● Problem statement: Only the lines below from the one that contains "photo de ENTOURAGE" through the one that contains "เผยโฉม Louis Vuitton" should appear in your answer, exact and without pictures.

● Data excerpts:
——

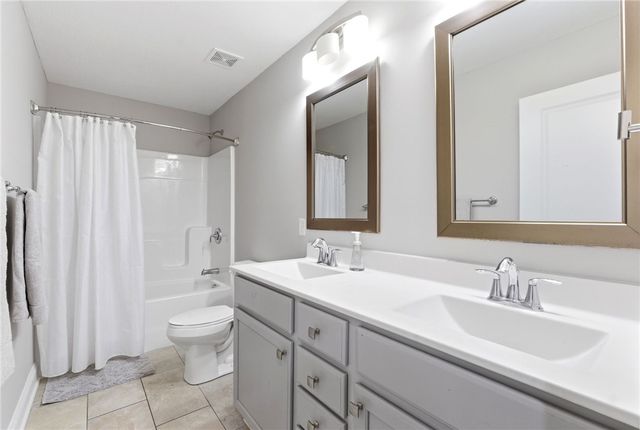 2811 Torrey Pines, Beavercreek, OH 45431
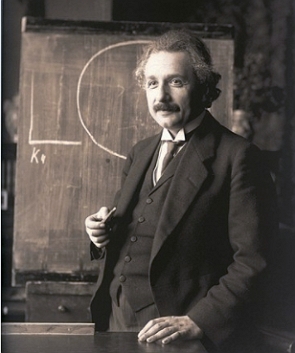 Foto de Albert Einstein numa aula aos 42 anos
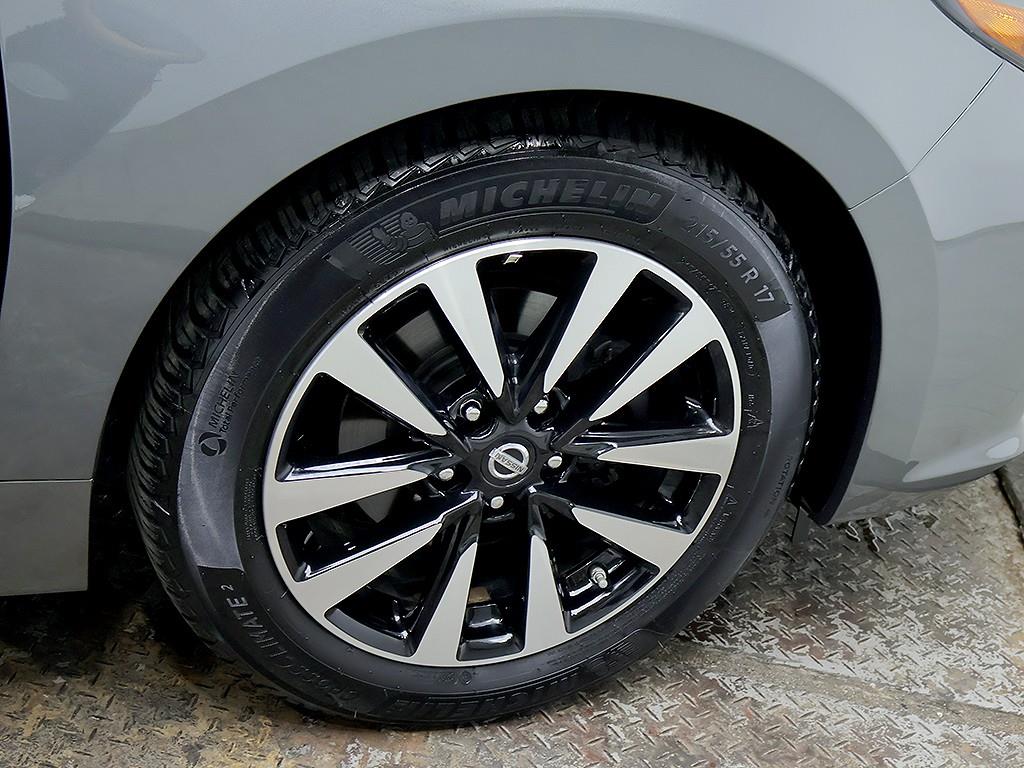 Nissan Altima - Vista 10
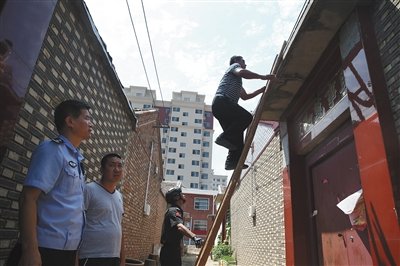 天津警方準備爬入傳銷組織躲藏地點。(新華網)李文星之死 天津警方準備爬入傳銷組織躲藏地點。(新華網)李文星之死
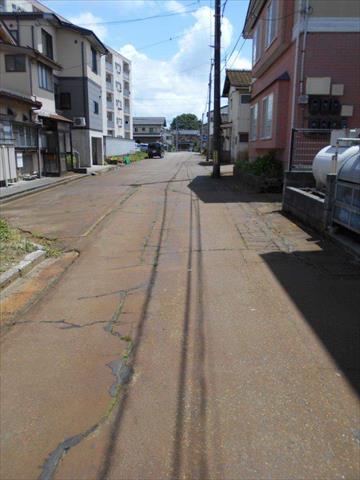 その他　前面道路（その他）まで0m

——

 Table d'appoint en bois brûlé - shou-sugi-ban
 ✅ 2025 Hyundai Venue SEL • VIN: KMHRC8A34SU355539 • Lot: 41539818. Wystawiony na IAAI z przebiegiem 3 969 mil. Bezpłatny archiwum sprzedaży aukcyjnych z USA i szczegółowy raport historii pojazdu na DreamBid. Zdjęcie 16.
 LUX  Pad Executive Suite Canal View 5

——

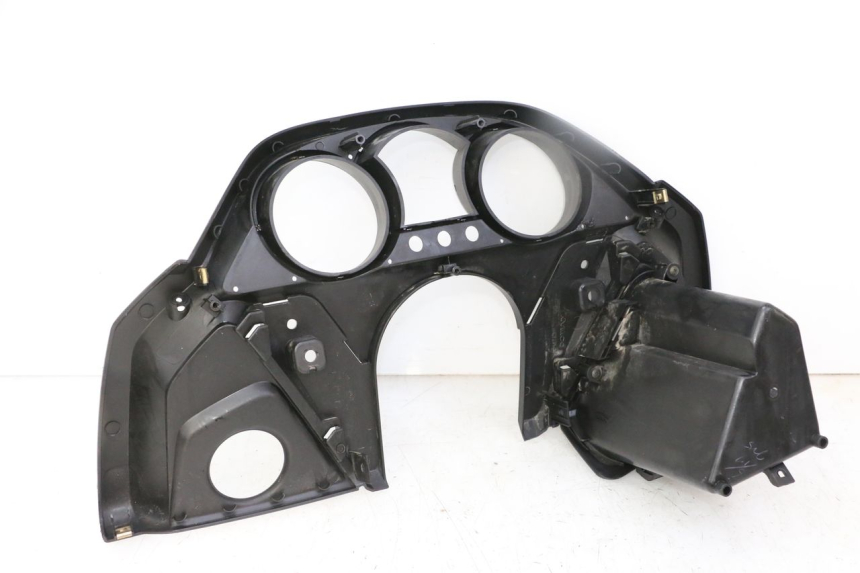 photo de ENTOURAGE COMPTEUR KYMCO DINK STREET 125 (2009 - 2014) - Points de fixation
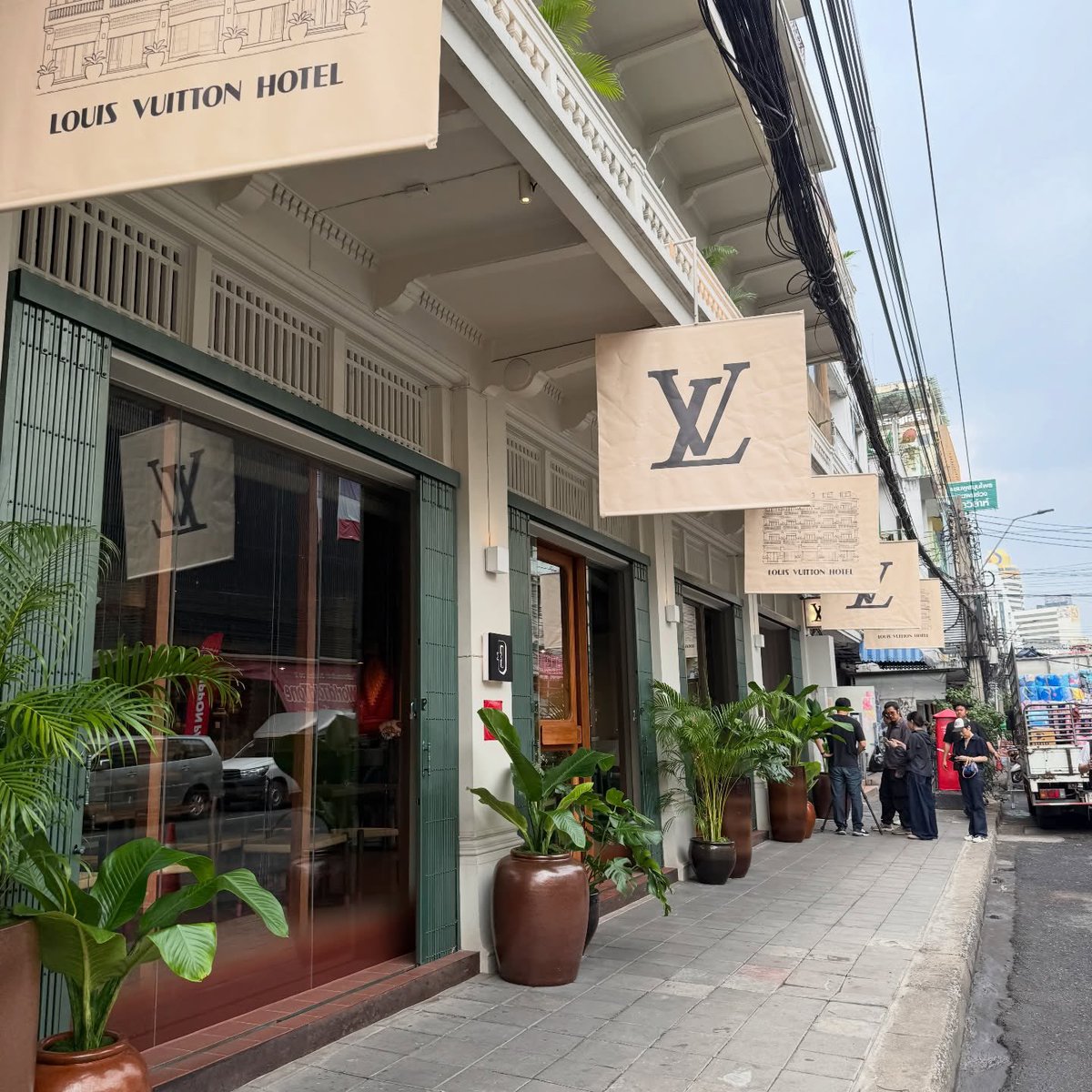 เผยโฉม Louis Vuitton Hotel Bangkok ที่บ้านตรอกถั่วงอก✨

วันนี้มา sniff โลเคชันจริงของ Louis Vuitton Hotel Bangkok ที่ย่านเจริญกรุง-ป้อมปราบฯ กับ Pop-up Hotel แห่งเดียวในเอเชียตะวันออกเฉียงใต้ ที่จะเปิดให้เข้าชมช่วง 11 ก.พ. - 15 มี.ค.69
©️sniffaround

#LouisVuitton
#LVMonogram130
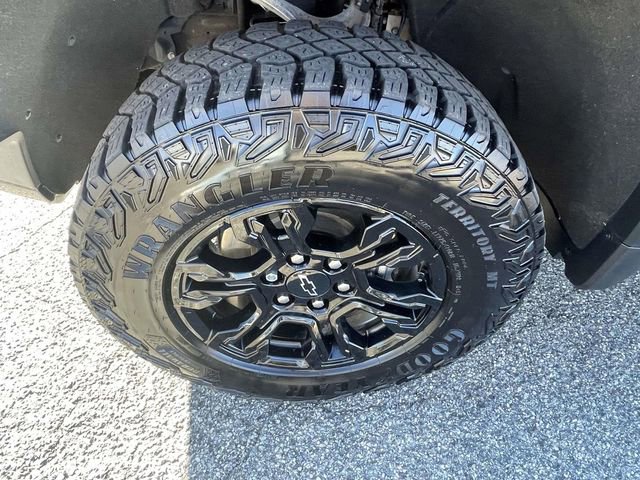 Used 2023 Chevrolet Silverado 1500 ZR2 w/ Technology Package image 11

——

● Answer space:
 photo de ENTOURAGE COMPTEUR KYMCO DINK STREET 125 (2009 - 2014) - Points de fixation
 เผยโฉม Louis Vuitton Hotel Bangkok ที่บ้านตรอกถั่วงอก✨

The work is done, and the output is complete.